Of course, whether there should be a new trial for misconduct of counsel rests almost entirely in the discretion of the trial court, and its action will not be reversed on appeal except for a clear abuse of discretion. Bush v. Havir, 253 Minn. 318, 91 N.W.2d 784.

It does not appear upon review of the record here that the jury was influenced by passion and prejudicethe verdict is clearly not excessive, and the determination that Ralston was negligent is not evidence of passion or prejudice. It is our view that the same conclusion should be reached in the present case as in Boland v. Morrill, supra, on the issue of misconduct since the errors complained of are without prejudice and the evidence submitted justifies the verdict.


OTIS, Justice (concurring specially).

In my opinion by adopting the rule applied in Mackey v. Spradlin (Ky.) 397 S.W.2d 33, all of the other negligence issues are rendered moot.

ROGOSHESKE, Justice (concurring specially). I concur in the result.

KNUTSON, C. J., took no part in the consideration or decision of this case.
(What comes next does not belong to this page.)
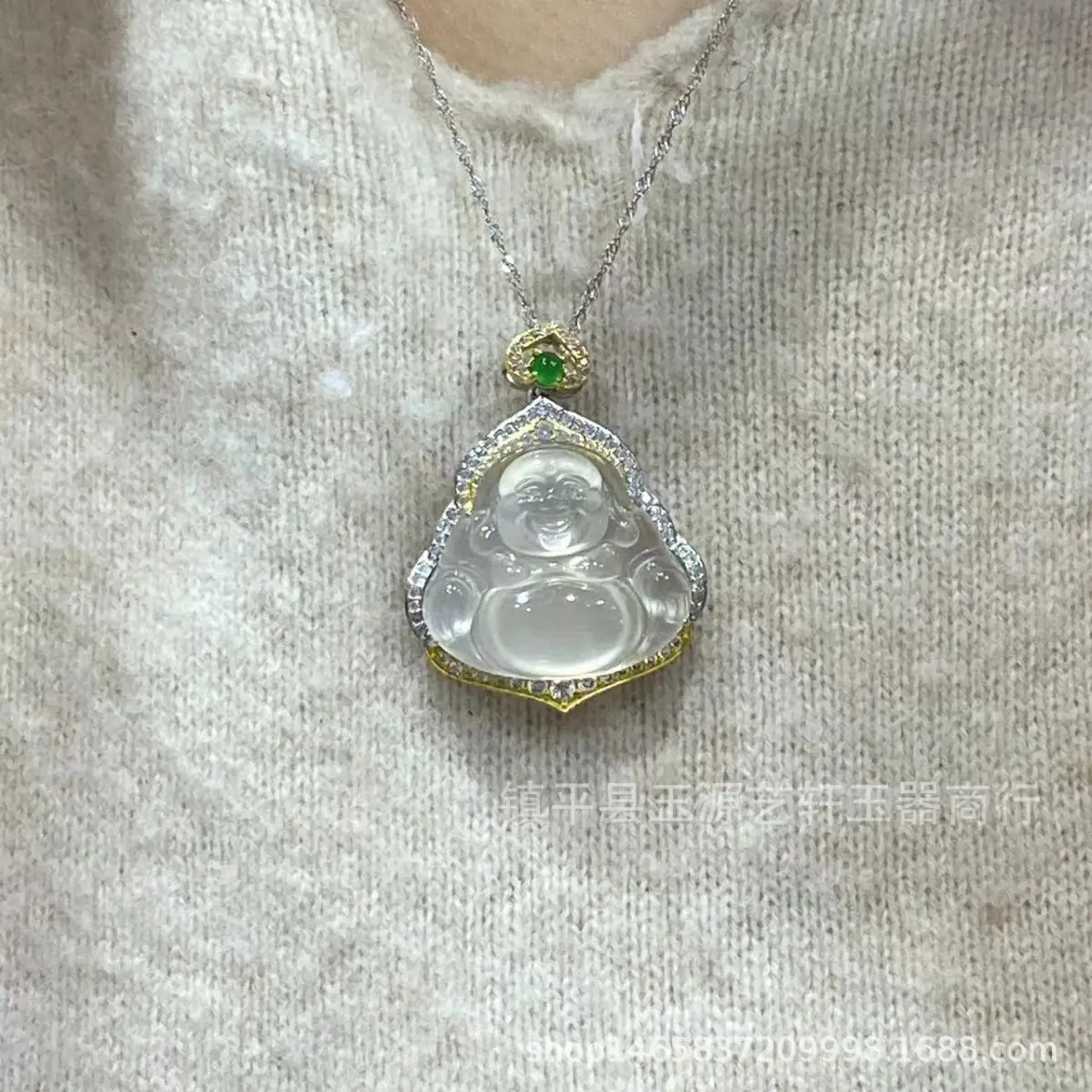 Ice Chalcedony Buddha Pendant with Agate Inlay & Silver Plating - Image 3
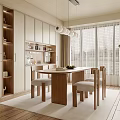 Modern Dining Table and Chair Chandelier Sideboard 3d model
[1] The statute prohibits parking within 20 feet of a cross-walk at the intersection. It may be argued that this was to give a clear and unobstructed view of the intersection and a strict construction of that statute might limit the protection to crosswalks only. In Woody v. Cope, 207 Tenn. 78, 89, 338 S.W.2d 551, 556, 4 A.L.R.2d 314, in considering a similar ordinance the Tennessee court held as follows:

"* * * [W]e think the purpose of the ordinance was not only to afford motorists a better view of the crosswalk * * *, but also to afford persons on the crosswalk a better view of approaching vehicles."